Reid continued listing what he called Angle's "wild and extreme ideas."

University of Nevada political communications expert Joseph Valenzano says Reid cannot win by running on his own accomplishments.

"The one determining factor for who's going to win is going to be about who has effectively made the election about the other person," Valenzano said.

While Reid has been going after Angle in public gatherings across the state, his Republican opponent did not respond to an interview request.

GOP Opposition To Angle

Angle has instead been flooding the airwaves with anti-Reid ads that hit the illegal immigration hot button.

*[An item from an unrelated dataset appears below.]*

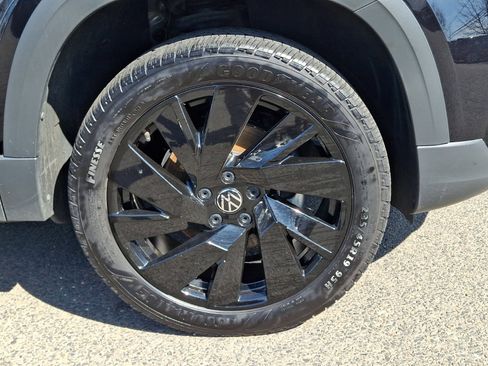 Certified 2024 Volkswagen Taos SE image 8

One released this week juxtaposes shots of dark-skinned, menacing-looking youths with scenes featuring threatened-looking white people.

One out of four voters in Nevada is Hispanic, and some Republicans say Angle is doing their party no good by running such ads, which Latino leaders have condemned.

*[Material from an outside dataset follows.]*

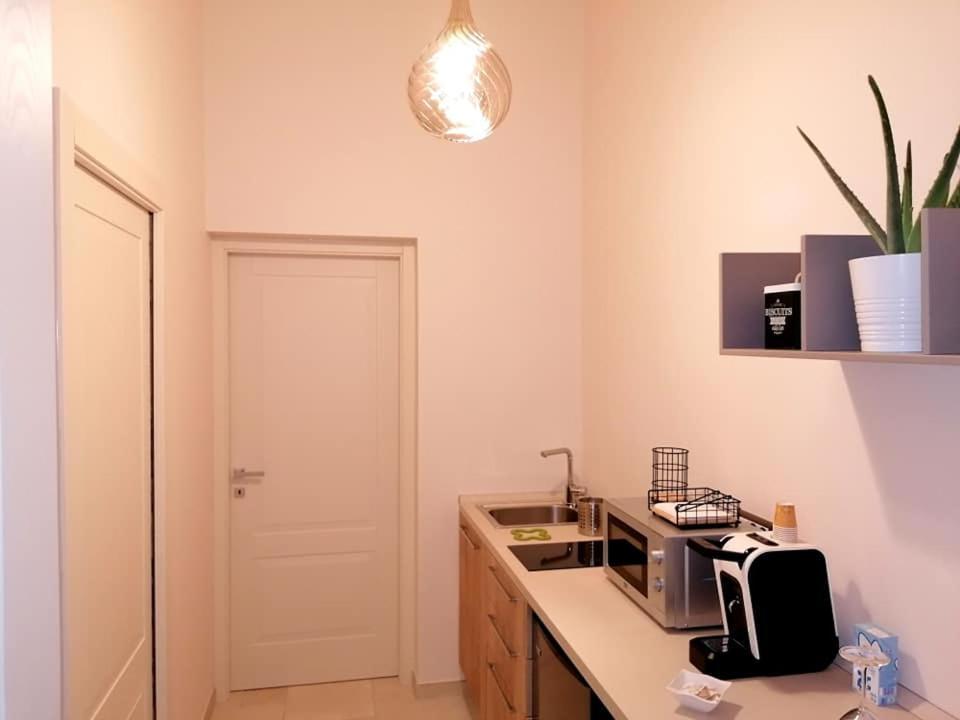 Lux Suite Таранто Экстерьер фото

Sig Rogich, who advised both Presidents Reagan and George H.W. Bush, has organized more than 400 prominent Nevada Republicans to support Reid and oppose Angle.

"Her position on Hispanics is outrageous," he said. "You know, she has no desire to bring them into the process, and I think the Republican Party recognizes that they have to move into that mainstream to be successful, and so I just think it would be a tragic mistake for Nevada to have that woman in the United States Senate."

But Angle may also win over more voters than she alienates with her ads and as for who'll come out on top next Tuesday, all bets are off.